Ce que les acheteurs regardent vraiment en 2026
Si t'envisages une levée de fonds ou une cession dans les 18 à 36 prochains mois, tu dois comprendre ce que les lenders et les acquéreurs institutionnels underwritent aujourd'hui. C'est pas le chiffre d'affaires brut. C'est trois choses précises.
Les courbes de rétention des membres. Combien de membres tu gardes à 3 mois, 6 mois, 12 mois ? Un taux de rétention à 12 mois supérieur à 70 % est désormais considéré comme un standard minimum par les fonds qui regardent le secteur. En dessous, ta valorisation en prend un coup.
Le taux d'attachement aux revenus digitaux. Est-ce que tes membres consomment des contenus digitaux, des programmes en ligne, des suivis de coach sportif à distance ? Ces revenus additionnels augmentent la valeur vie client et améliorent ton multiple d'EBITDA. Le marché des équipements fitness et des solutions connectées, projeté à 22,5 milliards de dollars d'ici 2035, montre à quel point cette digitalisation est devenue incontournable dans l'évaluation des actifs fitness.
L'optionalité immobilière. Est-ce que tes baux sont bien structurés ? Est-ce que tu as des droits de premier refus ? Est-ce que tes locaux pourraient être redéveloppés ou reconvertis ? Les fonds d'infrastructure regardent le fitness comme de l'immobilier commercial à part entière. Ton actif physique compte autant que ton P&L.
Audit de tes métriques : par où commencer
Le premier réflexe à avoir, c'est de construire ou de mettre à jour un tableau de bord avec les indicateurs que les acheteurs vont demander. Pas dans six mois quand t'as un deal sur la table. Maintenant, pendant que t'as encore le temps de corriger ce qui cloche.

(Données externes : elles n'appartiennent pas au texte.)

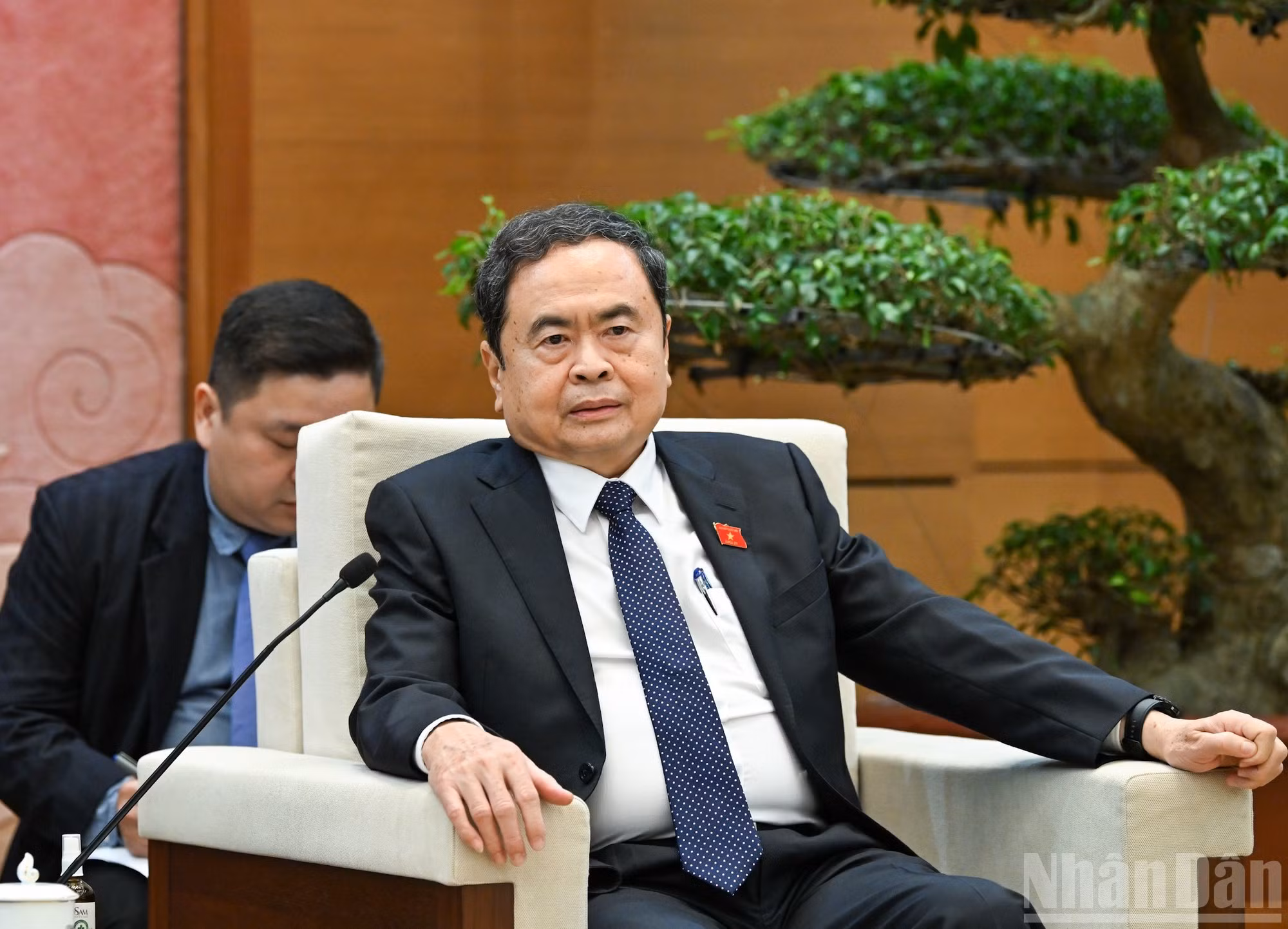 El presidente de la Asamblea Nacional de Vietnam, Tran Thanh Man, habla en la reunión.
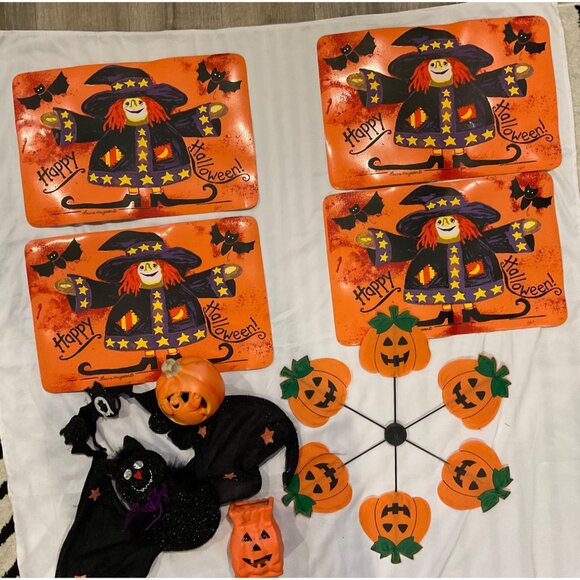 Vintage 18 Halloween Decorations Big Die Cuts Placemats Bat Clings Variety Lot - Picture 8 of 15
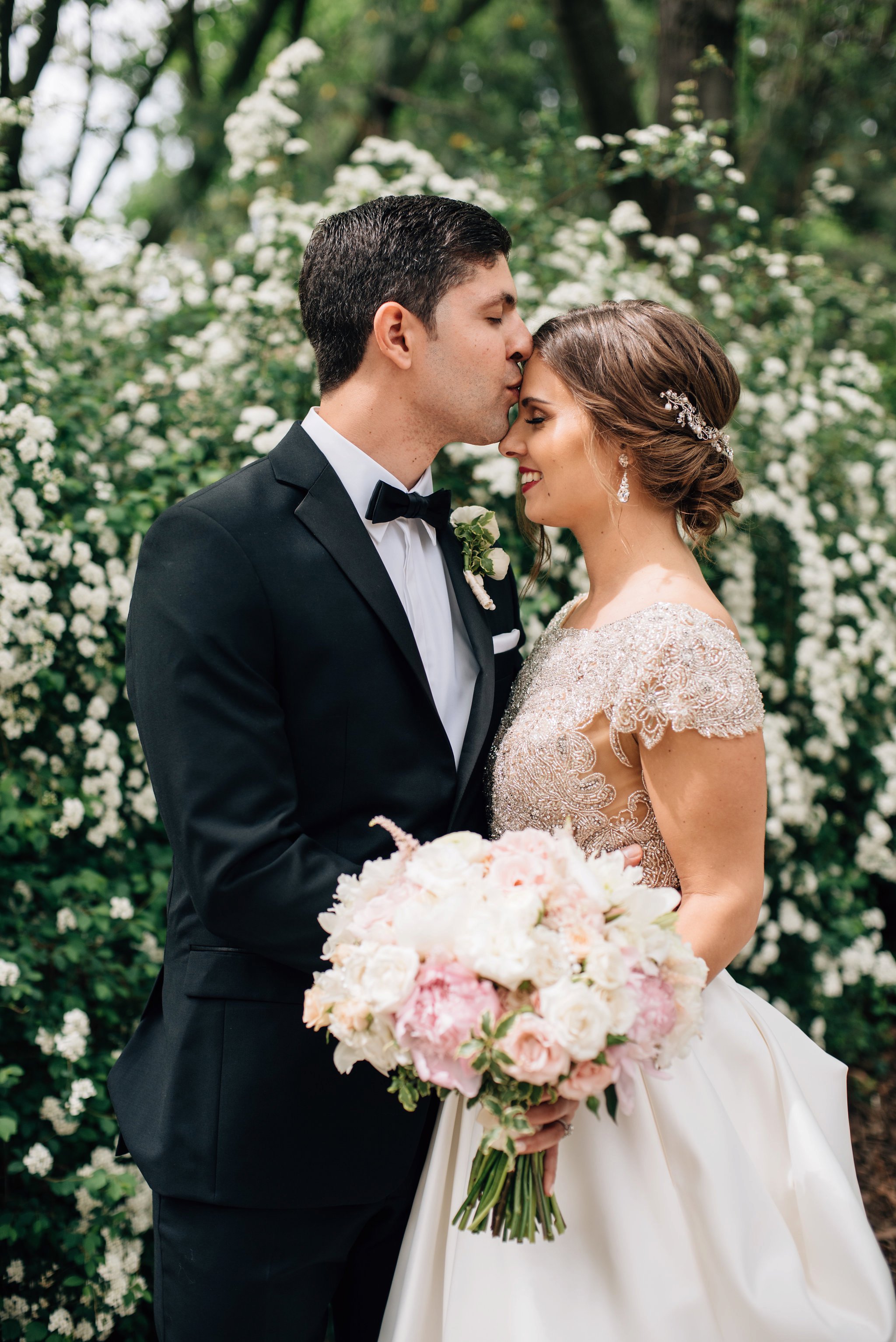 St. James Cathedral Wedding Photos | Olive Photography Toronto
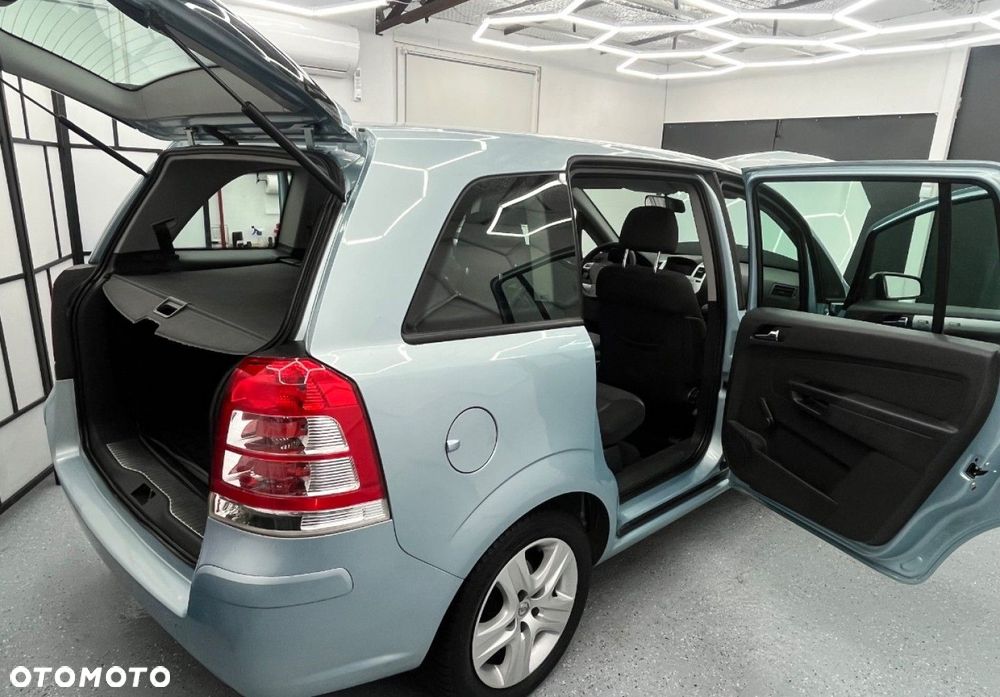 Opel Zafira - 39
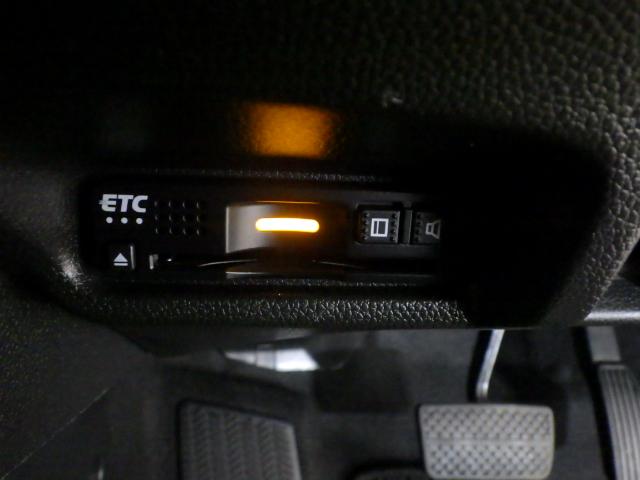 フィット １３Ｇ・Ｌホンダセンシング　禁煙車　ナビ　バックカメラ　Ｂｌｕｅｔｏｏｔｈ　フルセグＴＶ　ＵＳＢ　前後ドラレコ　コーナーポール　ドアバイザー　ＬＥＤライト　ＥＴＣ　サイドカーテンエアバッグ　衝突軽減ブレーキ　クルコン　ＤＶＤ（10枚目）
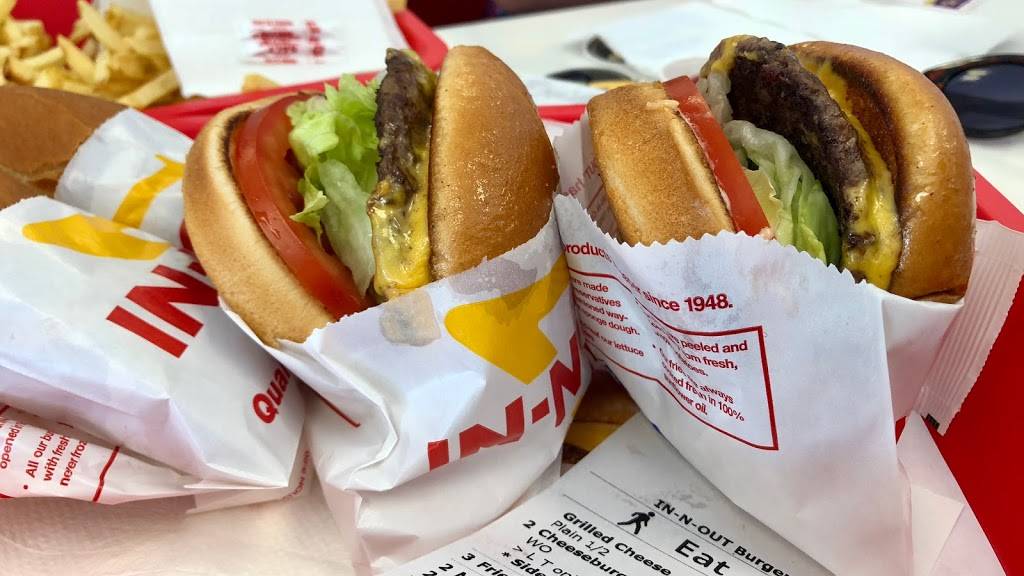 In-N-Out Burger | restaurant | 2001 Alta Arden Expy, Sacramento, CA 95825, USA | 8007861000 OR +1 800-786-1000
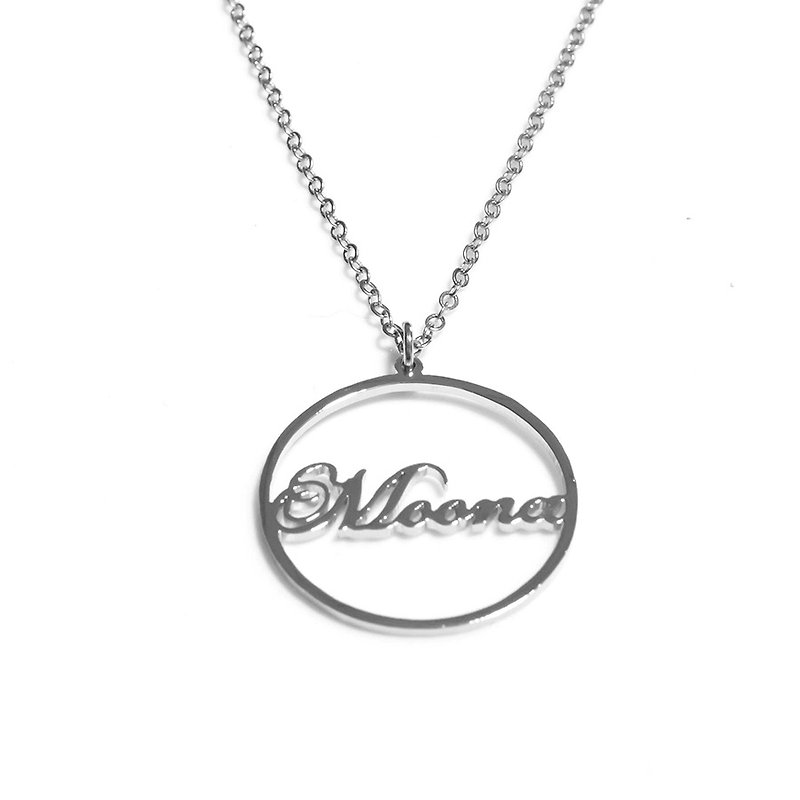 Custom name necklace in round shape pendant - สร้อยคอ - โลหะ สีเงิน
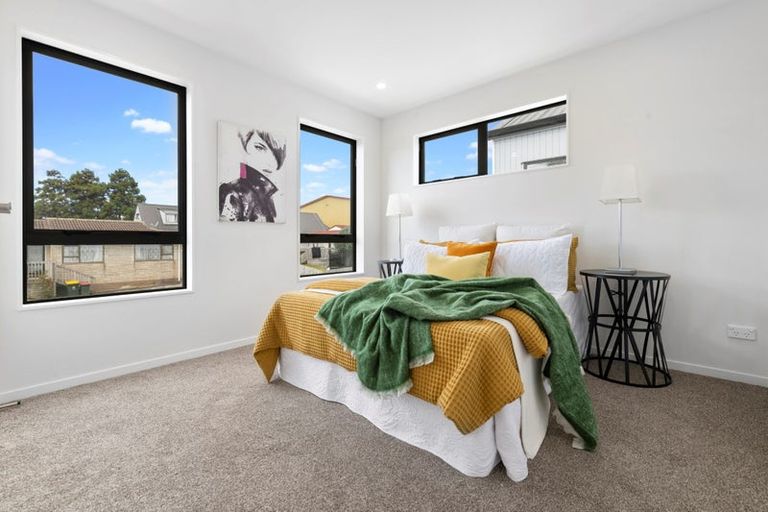 Photo of property in 28a Cape Road, Mangere, Auckland, 2022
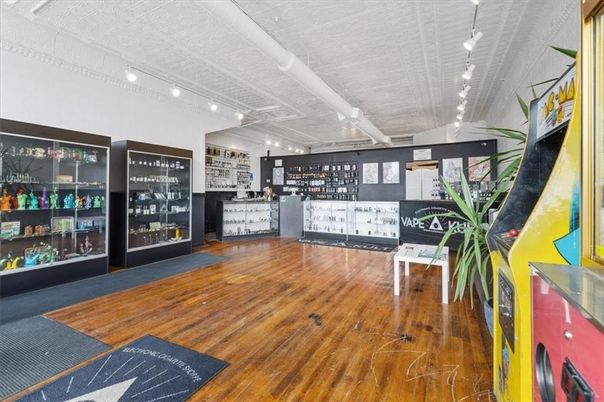 Interior, Pendant Lights, Wood Texture Flooring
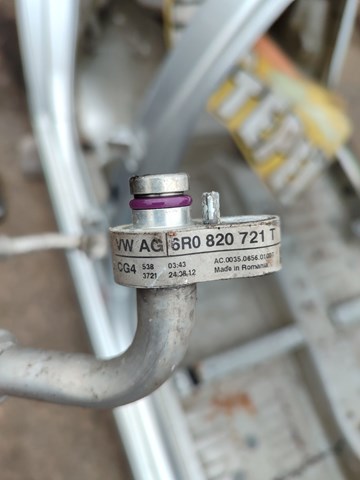 Шланг кондиционера, от компрессора к радиатору 6R0820721T VAG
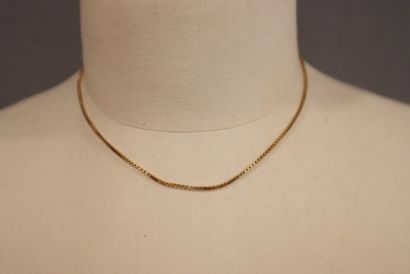 Venetian link chain in yellow gold.
Length:...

Les métriques prioritaires à documenter sont les suivantes :
- MRR (Monthly Recurring Revenue) et son évolution sur 24 mois
- Churn mensuel par segment de membres (abonnement mensuel vs annuel)
- Revenue per member incluant les ventes additionnelles (coaching, nutrition, merchandising)
- Coût d'acquisition membre et retour sur investissement par canal marketing
- EBITDA par club avec et sans frais de siège
- Durée moyenne restante des baux et conditions de renouvellement
Si certains de ces chiffres te font peur à regarder en face, bah en fait c'est précisément le bon moment de les regarder. Un acheteur institutionnel va les trouver de toute façon lors de la due diligence. Autant que ce soit toi qui les découvres en premier et que tu aies le temps d'agir.
Ce que ce deal dit sur la prochaine vague
Apollo, Ares, JPMorgan ne sont pas entrés dans le fitness par accident ou par opportunisme de court terme. Ils ont modélisé le secteur, ils ont regardé les données de fréquentation, les courbes de membership post-pandémie, les dynamiques de consolidation en Europe et en Asie, et ils ont conclu que le fitness en Amérique du Nord est structurellement sous-consolidé par rapport à sa taille.
Flynn Group avec ses 98 clubs Planet Fitness rachetés en une seule transaction a montré que les grandes franchises peuvent changer de main à grande échelle. GoodLife montre que les opérateurs indépendants multi-clubs peuvent accéder à du capital institutionnel massif. La prochaine vague, c'est la consolidation des opérateurs régionaux à 10-50 clubs qui ont des métriques solides mais pas les ressources pour croître seuls.
T'es peut-être exactement dans cette case. Si c'est le cas, la question n'est pas "est-ce que le marché va me toucher ?" mais "est-ce que je vais être acteur de cette consolidation ou spectateur ?"
Les 800 M$ d'Apollo et GoodLife viennent de raccourcir le délai pour répondre à cette question.